Y	Hacker News new \| ask \| show \| jobs

by mmcclure 2171 days ago

This definitely isn't ignorance, it's a very, very common question. The TL;DR on it is: cost.

The most cost-effective way of delivering video is using some form of HTTP streaming (like HLS or DASH). In a nutshell, the player downloads a manifest that tells it where to find chunks of video, which are downloaded and cached in normal, commodity CDNs. Everything is stateless and is scaled like any other form of HTTP download. To do all of this you end up needing to transcode the incoming stream. All along the way through this process introduces latency, and for reference 20 seconds is perfectly normal HLS latency, so credit where credit's due, this is really impressive. One of my colleagues wrote about the state of low latency last year[1], and considered < 4 seconds to be "ultra low latency"...that's really rare, particularly among platforms.
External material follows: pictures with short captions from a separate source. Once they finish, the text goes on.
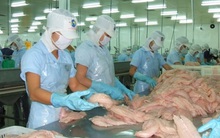 Bất chấp giá tôm và cá tra thấp, thủy sản hướng đến mục tiêu 9 tỉ USD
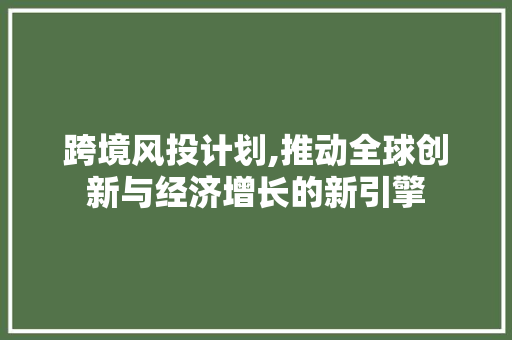 跨境风投计划,推动全球创新与经济增长的新引擎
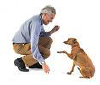 Thedogtrainingsecret.com logo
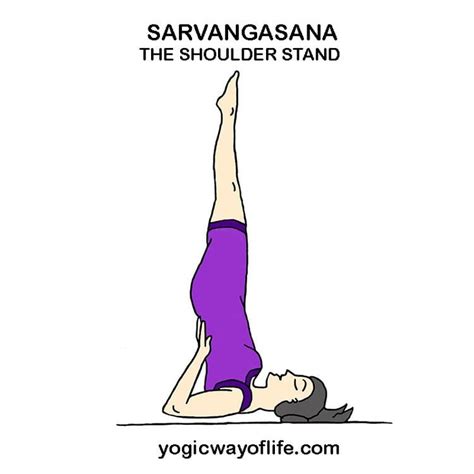 Sarvangasana - Alchetron, The Free Social Encyclopedia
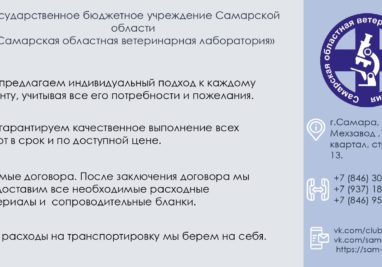 курсы повышения квалификации | Государственное бюджетное учреждение Самарской области «Самарская областная ветеринарная лаборатория» | Новости лаборатории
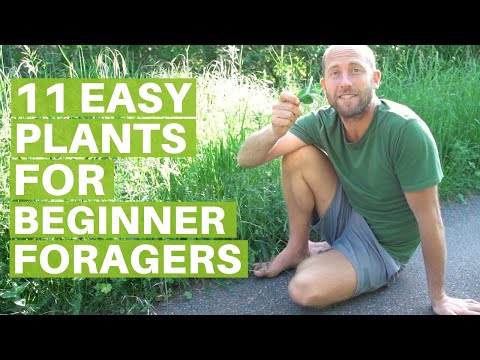 11 Easy Edible Plants for Beginner Foragers- Eating Wild Food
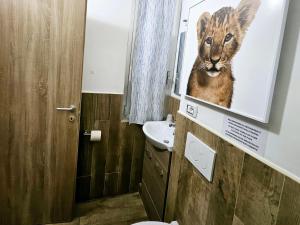 Salle de bains dans l'établissement Affittacamere House LeoMar di Sara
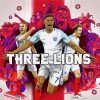 England Football Lions paint by number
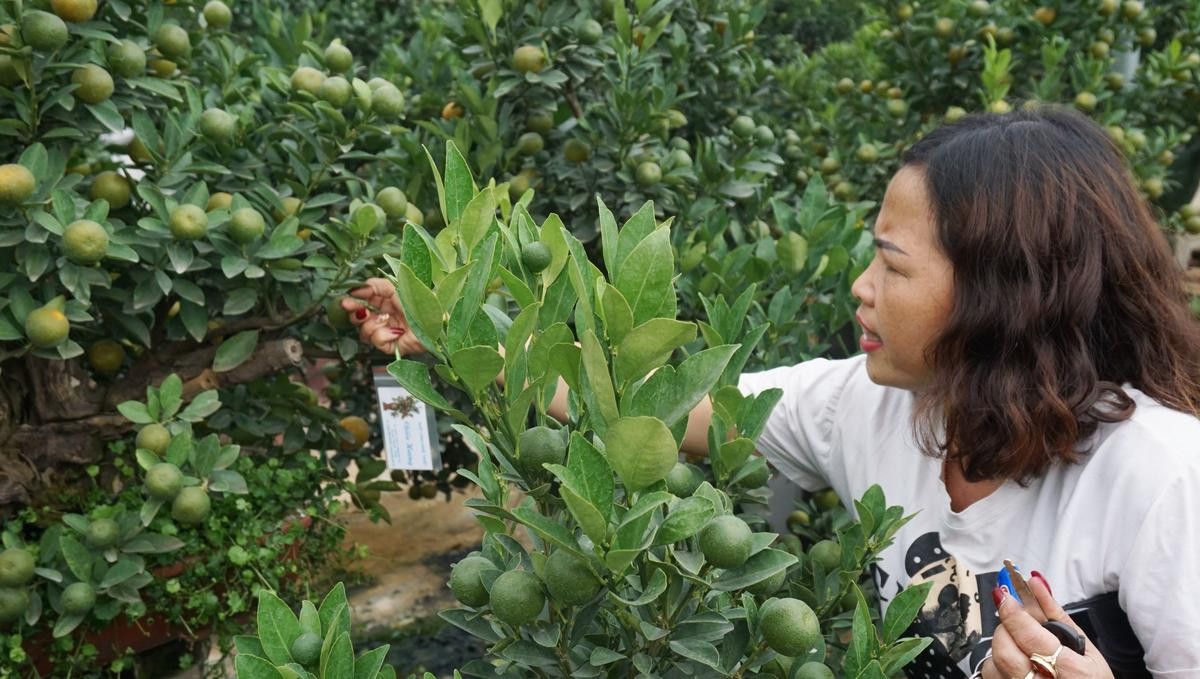 ‘Chuột vàng cõng quất bonsai’ hút khách, hốt bạc mùa Tết năm nay Ảnh 10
You can get lower latency, of course, but typically that involves stateful connections. All of that cheap commodity stuff that comes with HTTP streaming above goes away, and scaling to a large number of viewers can get extremely costly (and operationally difficult).

[1] https://mux.com/blog/the-low-latency-live-streaming-landscap...

3 comments

kwindla 2171 days ago

mmcclure is way too polite to say so, but Amazon IVS is definitely not going to give you 2s latency.

Currently, IVS configured for "ultra low latency" is using HLS segments that are three seconds long. The client tries not to buffer more than one segment, so on a good network connection you'll see ~4 seconds of latency.

In theory, you could start playing the video while you're still downloading the first segment. That's how you'd get ~2s of latency. But the AWS player doesn't actually do that. And for good reason. These are TCP connections, so if there's any packet loss at all, you'll have to either buffer or skip the segment and change bitrates. Starting the video and then immediately buffering is a pretty poor user experience.

This is pretty easy to test. I just did, twice: streaming from OBS on my desktop and then directly from our compositing servers in the cloud. In both cases the latency was ~4 seconds.

link

jkarneges 2171 days ago

> but typically that involves stateful connections [...] and scaling to a large number of viewers can get extremely costly (and operationally difficult)

This is why we built Pushpin, to make it easier to handle stateful connections at scale. The project is mostly intended for moving application data, but it does work for media streaming too. See our live MP3 demo [1]. The backend runs GStreamer in a loop to produce the audio, and has no awareness of client connections. Pushpin moves the bytes and knows nothing about audio or codecs.

[1] http://audiostream.fanoutapp.com/

link

ponker 2171 days ago

You mean all those Twitch streamers see their chats More than 4 seconds after the relevant video has elapsed? And can you explain what you mean by “stateful”? Thanks

link

mmcclure 2171 days ago

> all those Twitch streamers see their chats More than 4 seconds after the relevant video has elapsed

Yep! I think Twitch can sometimes be at 4 seconds or less for what it's worth, but yes, that delay is real. It's generally not really noticeable because the communication is totally async; the streamer is doing other stuff, finishing other thoughts, etc, then can get to messages as they see them.

> can you explain what you mean by “stateful”?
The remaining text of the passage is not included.